Menjelang Ledakan Opsi On-Chain

marsbitDipublikasikan tanggal 2026-03-12Terakhir diperbarui pada 2026-03-12

Abstrak

Menjelang Ledakan Opsi On-Chain: Pasar opsi cryptocurrency sedang berkembang pesat, dengan volume derivatif di CME meningkat 46% dibandingkan rekor sebelumnya. Opsi Bitcoin bahkan melampaui futures dalam open interest, menunjukkan pergeseran dari alat leverage ke manajemen risiko terdefinisi. Platform seperti Deribit (yang diakuisisi Coinbase) dan opsi IBIT mendominasi pertumbuhan ini, namun sebagian besar masih bergantung pada perantara. Opsi on-chain masih dalam tahap awal, dengan DEX seperti DeriveXYZ dan KyanExchange memimpin inovasi. Derive beralih dari AMM ke order book tanpa biaya gas, menawarkan margin portofolio dan eksekusi cepat. Kyan memungkinkan strategi multi-leg dalam satu transaksi dan likuidasi parsial. Permintaan institusi untuk opsi meningkat, terutama untuk produk terstruktur dan lindung nilai. Regulasi mulai jelas dengan pernyataan SEC-CFTC dan CLARITY Act, meski masih tertunda. Lingkungan yang membaik dan masuknya modal tradisional menunjukkan potensi ledakan opsi on-chain.

Penulis: Delphi Digital

Disusun oleh: AididiaoJP, Foresight News

Pasar opsi cryptocurrency jauh lebih besar dari yang disadari kebanyakan orang. Volume derivatif cryptocurrency CME (Chicago Mercantile Exchange) 46% lebih tinggi dari rekor sejarah yang dicapai tahun lalu. Investor institusi membutuhkan alat manajemen risiko yang jelas untuk melindungi nilai (hedging) posisi besar, dan opsi adalah satu-satunya alat cryptocurrency yang dapat menyediakan fungsi ini.

Pembentukan Ulang Lanskap

Pertengahan 2025, total open interest kontrak opsi Bitcoin mencapai $65 miliar, untuk pertama kalinya melampaui open interest futures. Futures adalah alat leverage, sedangkan opsi memungkinkan dana untuk menetapkan batas kerugian pada kepemilikan Bitcoin senilai $500 juta mereka dengan membayar premi. Titik balik ini menunjukkan bahwa alat dengan fungsi risiko yang terdefinisi secara bertahap menggantikan alat leverage murni.

Pertumbuhan ini terutama terkonsentrasi di dua platform. Deribit telah menjadi platform utama perdagangan opsi cryptocurrency selama bertahun-tahun, dan setelah diakuisisi oleh Coinbase seharga $2,9 miliar pada tahun 2025, memperoleh dukungan tingkat institusional. Sementara itu, opsi IBIT, sejak diluncurkan akhir 2024, membawa modal tradisional ke dalam ruang ini. Pasar opsi berkembang pesat, tetapi sebagian besar perdagangan masih harus diselesaikan melalui perantara.
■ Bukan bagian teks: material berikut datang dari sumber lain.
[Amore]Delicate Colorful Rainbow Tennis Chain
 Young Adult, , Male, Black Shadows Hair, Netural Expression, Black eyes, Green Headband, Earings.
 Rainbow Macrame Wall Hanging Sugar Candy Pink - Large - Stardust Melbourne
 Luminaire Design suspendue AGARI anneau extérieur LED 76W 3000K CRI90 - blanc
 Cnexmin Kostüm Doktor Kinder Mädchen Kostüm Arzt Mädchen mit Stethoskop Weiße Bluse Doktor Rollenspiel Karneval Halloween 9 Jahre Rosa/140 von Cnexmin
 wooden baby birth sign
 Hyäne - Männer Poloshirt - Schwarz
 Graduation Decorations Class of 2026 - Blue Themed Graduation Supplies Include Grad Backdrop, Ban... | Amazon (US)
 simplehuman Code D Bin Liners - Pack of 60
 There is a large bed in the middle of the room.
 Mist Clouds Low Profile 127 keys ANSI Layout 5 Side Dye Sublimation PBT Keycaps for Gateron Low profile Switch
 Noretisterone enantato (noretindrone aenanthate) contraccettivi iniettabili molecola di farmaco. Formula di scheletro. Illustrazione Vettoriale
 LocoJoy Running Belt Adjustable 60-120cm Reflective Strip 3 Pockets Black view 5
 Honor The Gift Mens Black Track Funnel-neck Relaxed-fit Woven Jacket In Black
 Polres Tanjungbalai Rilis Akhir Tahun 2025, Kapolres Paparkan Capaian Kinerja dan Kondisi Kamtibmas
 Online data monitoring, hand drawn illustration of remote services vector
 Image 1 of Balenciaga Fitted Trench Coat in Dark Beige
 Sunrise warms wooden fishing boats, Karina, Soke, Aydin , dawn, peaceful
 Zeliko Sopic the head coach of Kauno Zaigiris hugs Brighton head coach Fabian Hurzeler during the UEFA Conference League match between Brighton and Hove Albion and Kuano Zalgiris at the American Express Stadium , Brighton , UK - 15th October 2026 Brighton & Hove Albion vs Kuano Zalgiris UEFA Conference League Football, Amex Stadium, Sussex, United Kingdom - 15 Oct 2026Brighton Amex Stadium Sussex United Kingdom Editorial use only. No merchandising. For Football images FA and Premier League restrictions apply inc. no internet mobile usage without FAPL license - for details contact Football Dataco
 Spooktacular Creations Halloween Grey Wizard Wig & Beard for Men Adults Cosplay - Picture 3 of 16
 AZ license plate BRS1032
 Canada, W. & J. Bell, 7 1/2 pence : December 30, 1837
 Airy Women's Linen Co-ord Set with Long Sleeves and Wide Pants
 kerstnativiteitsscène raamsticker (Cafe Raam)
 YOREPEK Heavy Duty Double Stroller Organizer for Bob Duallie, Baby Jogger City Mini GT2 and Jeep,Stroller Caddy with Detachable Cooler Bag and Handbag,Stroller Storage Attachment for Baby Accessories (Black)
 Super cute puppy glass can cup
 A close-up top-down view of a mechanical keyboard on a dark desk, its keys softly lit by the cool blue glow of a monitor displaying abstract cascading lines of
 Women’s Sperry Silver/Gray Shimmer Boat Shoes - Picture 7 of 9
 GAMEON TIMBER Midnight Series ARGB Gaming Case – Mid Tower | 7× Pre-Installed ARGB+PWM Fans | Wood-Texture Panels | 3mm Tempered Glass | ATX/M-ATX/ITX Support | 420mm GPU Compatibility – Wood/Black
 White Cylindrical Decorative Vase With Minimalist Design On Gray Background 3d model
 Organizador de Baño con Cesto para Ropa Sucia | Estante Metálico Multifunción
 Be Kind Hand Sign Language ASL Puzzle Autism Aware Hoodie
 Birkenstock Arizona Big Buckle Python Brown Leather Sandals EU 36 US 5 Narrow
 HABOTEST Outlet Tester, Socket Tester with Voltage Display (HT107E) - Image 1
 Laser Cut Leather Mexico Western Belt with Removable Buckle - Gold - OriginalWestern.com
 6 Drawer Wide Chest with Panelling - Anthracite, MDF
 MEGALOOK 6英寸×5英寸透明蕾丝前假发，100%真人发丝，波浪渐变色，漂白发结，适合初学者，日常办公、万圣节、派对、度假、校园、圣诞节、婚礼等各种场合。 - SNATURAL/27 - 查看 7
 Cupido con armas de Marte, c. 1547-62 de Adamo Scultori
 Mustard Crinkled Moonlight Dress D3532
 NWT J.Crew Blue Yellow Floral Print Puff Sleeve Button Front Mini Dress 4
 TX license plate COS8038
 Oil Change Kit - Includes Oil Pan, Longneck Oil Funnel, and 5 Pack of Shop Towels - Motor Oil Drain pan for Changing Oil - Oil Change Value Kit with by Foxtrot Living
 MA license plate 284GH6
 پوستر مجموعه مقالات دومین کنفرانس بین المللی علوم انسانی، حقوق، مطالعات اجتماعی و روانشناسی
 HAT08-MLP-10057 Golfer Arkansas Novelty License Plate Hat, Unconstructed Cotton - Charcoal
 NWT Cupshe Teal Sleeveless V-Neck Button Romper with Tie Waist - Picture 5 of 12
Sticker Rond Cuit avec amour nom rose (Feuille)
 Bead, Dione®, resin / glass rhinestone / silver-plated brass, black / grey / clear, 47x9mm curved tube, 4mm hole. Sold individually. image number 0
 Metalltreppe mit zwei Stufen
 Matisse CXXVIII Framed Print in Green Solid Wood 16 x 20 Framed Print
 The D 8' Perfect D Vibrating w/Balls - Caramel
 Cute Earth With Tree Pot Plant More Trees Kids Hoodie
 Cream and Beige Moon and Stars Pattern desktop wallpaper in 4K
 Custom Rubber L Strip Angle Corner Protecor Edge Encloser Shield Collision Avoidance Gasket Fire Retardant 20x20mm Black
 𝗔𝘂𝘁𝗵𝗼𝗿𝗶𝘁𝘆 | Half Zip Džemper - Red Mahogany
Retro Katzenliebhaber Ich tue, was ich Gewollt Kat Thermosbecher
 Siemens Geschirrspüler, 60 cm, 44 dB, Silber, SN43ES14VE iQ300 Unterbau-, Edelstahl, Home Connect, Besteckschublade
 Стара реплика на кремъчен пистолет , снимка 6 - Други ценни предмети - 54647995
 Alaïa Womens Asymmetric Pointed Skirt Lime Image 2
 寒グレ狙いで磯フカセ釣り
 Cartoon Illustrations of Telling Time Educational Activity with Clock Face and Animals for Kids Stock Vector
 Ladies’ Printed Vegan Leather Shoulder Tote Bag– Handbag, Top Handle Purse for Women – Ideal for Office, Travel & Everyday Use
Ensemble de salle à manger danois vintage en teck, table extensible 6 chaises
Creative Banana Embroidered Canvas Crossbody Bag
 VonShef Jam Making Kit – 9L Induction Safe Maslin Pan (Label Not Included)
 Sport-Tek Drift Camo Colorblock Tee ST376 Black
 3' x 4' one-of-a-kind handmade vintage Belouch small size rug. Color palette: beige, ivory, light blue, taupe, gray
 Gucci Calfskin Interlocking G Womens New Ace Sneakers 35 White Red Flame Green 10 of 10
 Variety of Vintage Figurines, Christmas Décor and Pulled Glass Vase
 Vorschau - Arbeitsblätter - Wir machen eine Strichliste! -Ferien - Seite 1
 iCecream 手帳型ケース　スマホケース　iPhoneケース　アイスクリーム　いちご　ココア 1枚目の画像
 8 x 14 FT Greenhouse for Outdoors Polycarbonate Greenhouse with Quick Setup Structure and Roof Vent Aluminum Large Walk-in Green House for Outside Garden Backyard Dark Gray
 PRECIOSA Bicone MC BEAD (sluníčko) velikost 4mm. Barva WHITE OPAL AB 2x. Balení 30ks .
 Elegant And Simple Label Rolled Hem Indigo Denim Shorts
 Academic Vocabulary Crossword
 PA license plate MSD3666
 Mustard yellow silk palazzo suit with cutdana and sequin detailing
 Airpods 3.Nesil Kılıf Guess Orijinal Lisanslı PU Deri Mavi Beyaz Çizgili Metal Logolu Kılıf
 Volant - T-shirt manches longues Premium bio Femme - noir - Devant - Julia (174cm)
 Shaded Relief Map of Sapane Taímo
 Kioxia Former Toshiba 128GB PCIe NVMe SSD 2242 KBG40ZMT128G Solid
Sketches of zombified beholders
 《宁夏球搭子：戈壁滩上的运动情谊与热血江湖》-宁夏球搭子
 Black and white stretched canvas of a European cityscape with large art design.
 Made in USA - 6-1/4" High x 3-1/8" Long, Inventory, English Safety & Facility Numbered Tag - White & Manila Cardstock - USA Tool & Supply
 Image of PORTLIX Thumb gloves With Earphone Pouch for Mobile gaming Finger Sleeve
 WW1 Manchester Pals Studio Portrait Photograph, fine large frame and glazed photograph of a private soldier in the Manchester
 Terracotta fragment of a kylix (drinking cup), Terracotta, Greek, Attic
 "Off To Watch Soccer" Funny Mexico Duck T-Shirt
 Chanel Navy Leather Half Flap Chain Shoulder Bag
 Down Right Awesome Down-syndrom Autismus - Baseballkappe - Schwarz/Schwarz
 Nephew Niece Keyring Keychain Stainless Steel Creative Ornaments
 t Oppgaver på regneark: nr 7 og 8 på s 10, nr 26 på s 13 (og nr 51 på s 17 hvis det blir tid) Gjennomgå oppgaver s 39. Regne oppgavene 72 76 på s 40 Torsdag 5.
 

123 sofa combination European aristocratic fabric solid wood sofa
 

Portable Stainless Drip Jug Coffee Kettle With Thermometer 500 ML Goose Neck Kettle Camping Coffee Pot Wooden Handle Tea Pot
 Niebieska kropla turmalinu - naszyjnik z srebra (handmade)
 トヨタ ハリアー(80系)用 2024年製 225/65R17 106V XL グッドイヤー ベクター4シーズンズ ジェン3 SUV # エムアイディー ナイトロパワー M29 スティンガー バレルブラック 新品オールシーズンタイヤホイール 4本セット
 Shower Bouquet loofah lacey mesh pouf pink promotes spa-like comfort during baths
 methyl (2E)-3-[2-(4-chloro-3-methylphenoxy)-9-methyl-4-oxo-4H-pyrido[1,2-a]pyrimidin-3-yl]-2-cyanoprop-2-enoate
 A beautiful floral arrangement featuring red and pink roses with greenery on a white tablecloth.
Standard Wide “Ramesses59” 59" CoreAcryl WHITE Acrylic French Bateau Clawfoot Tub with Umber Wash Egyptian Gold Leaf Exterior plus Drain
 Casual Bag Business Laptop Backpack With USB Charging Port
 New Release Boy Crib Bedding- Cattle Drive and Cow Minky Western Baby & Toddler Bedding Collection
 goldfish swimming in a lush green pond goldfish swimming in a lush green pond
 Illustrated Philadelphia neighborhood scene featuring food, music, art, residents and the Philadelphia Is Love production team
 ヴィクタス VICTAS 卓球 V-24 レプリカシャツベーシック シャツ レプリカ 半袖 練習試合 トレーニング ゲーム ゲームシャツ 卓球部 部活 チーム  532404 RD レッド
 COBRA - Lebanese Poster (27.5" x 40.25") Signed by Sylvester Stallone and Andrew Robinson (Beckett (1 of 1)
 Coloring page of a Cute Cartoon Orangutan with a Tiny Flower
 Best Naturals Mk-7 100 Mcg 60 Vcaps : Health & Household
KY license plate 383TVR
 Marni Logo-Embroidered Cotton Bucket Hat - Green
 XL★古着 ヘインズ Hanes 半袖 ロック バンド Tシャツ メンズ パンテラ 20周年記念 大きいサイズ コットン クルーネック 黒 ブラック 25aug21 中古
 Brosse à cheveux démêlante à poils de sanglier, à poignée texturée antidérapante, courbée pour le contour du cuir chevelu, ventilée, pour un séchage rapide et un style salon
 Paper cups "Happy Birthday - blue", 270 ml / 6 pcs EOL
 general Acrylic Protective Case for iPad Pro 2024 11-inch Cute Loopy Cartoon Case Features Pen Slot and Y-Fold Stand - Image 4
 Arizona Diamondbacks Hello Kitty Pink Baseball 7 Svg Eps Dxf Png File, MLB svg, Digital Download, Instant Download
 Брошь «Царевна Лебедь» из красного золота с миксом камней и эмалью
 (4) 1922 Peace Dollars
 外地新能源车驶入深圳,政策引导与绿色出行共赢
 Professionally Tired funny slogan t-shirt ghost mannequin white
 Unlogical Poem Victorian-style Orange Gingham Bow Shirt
Opsi On-Chain Masih dalam Tahap Embrio

Pangsa pasar derivatif terdesentralisasi (DeFi) telah merangkak dari 2% menjadi lebih dari 10% dalam dua tahun. Hyperliquid telah membuktikan bahwa pertukaran terdesentralisasi (DEX) dapat menyaingi pertukaran terpusat dalam hal kecepatan dan transparansi. Namun, belum ada proyek perwakilan serupa untuk opsi on-chain.

@DeriveXYZ saat ini masih menjadi protokol opsi on-chain terkemuka, dengan volume perdagangan opsi nominal lebih dari $700 juta dalam 30 hari terakhir. Protokol ini diluncurkan pada Agustus 2021 dengan nama Lyra sebagai automated market maker (AMM) opsi, bertahan melalui pasar bear, dan kemudian dibangun ulang sepenuhnya pada tahun 2023, dan sekarang membangun order book limit sentral bebas biaya gas berdasarkan Layer 2 OP Stack-nya sendiri.

Pembangunan ulang ini mengubah mekanisme penetapan harga secara keseluruhan. Market maker memberikan penawaran langsung di order book, yang mempersempit spread, membuat harga lebih akurat, dan mendukung perdagangan yang lebih besar. Trader menikmati biaya gas nol dan kecepatan eksekusi sub-detik.

Sistem margin portofolio mereka juga menarik perhatian institusional. Sistem ini menilai risiko keseluruhan posisi melalui analisis skenario. Misalnya, jika seorang trader memegang posisi long opsi call dan short opsi put pada aset dasar yang sama, sistem tidak akan mengenakan margin secara terpisah untuk setiap leg.

Margin yang diperlukan untuk posisi yang di-hedge lebih rendah daripada menjumlahkan setiap bagian secara sederhana, inilah logika umum yang digunakan di meja perdagangan derivatif keuangan tradisional. Derive juga menawarkan kontrak perpetual dan layanan pinjaman di Layer 2 yang sama, dan mendukung cross-margin antar produk.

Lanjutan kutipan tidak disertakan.